5.1 Forecasting RNOA

In order to estimate the effect of future returns on net operating assets, we need to engage with the restated financial statements, and analyse profitability and efficiency based on historical data. Then from the present moving into the future we need to make judgements that take that information and pivot the position of the company into the future depending on various aspects including the economy, industry, and managements plans for the future.

5.2 Accounting ‘Drivers’ of NOA

The primary driver for the change in book value of net operating assets is a growth in sales which makes sense – it’s why people are in business to start with. Trying to understand negative sales growth took me some time to process. The old me would have thought that all increases in income would be a good thing, however, if more investments in assets has to happen for that increase that will affect Asset Turnover and have a negative impact on RNOA.

True economic profit is RNOA in excess of its cost of capital (WACC) x NOA invested. It is really the interaction between sales and ATO that will produce a favourable outcome. I still find some of the formulas unclear at times, and know I will need to work on establishing exactly what information each tells me about my company. I also understand that organisations may have various types of income streams and each would have its own impact on future returns.

5.3 Economic & Business Drivers of NOA

An essential step to ask myself, is how might the drivers change in the future? I need to use hands on approach to understand how SEEK Ltd generates its various income streams. Being an online based business, it shouldn’t be too difficult to do my version of a ‘mystery shop’. When looking at relevant economic and industry data such as market demand, reputation, capacity, regulatory environment and industry competition a lot of that information should be easily available on their website and in news articles and journals.

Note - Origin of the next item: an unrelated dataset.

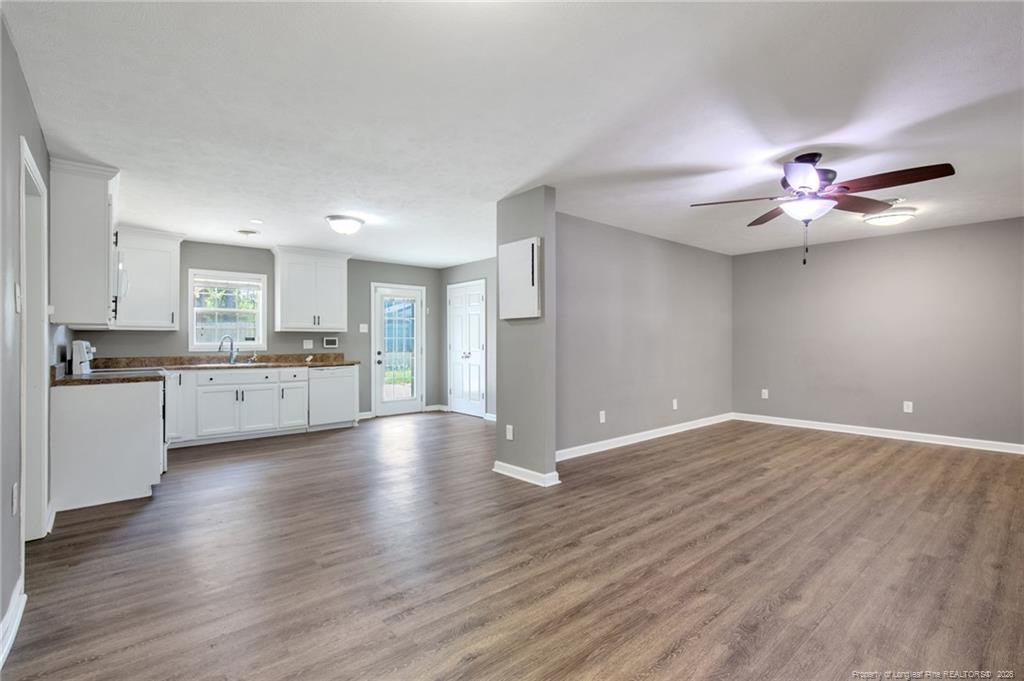 913 Montclair Road Property Photo 4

The part of this exercise that I may struggle with is making predictions about the future that I can quantify based on the qualitative changes I forecast.

5.4 Forecasting NOA

In forecasting net operating assets, the main focus needs to be on future sales growth, and the amount of NOA expected to support that level of growth (1/ATO). Future risks also need to be identified and consideration given into their effect on the economic realities of the firm.

Chapter 6 Focus on the Enterprise

Reading about simplifying our life and relating that to analysis of a company was a great analogy I could relate to. We need to eliminate the unnecessary parts of the financial statements that don’t help us to predict the future and focus on the parts of the business that add value. The elimination of the firms financing activities and only looking at operations stalled me initially because I thought that would matter in making predictions for the future, but when I realised that financing is purely just a balance of leverage between creditors and equity I understood why.

From here on in I was lost - utterly and totally lost if I am to be honest. I try to excel at my study in amongst the juggle of work and family commitments but this chapter reading had me very overwhelmed. I read, and re-read the content, tried to talk it through with other students online, read the examples provided, but nothing. I’ve been working in accounting for at least 17 years and I got quite downhearted not being able to grasp this chapter’s content. I resigned myself to the fact that since I learn by doing, it may sink in as I move through the practical side of assignment 2.

The main take away I got from this chapter is the risks that may impact my company’s economic profit framework (competitors, customers, suppliers, technology, customer taste, demographics, weather, economic factors, exchange rates, tax rules). Each of these I can breakdown and make judgements and predictions about how they may impact the future of my organisation.

I hope moving forward through the last few weeks of Financial Statement Analysis I will be able to look back at this week’s readings and find that they start to become clear. There is something rewarding in being able to review the unit and seeing how far I have come in my knowledge of the topics.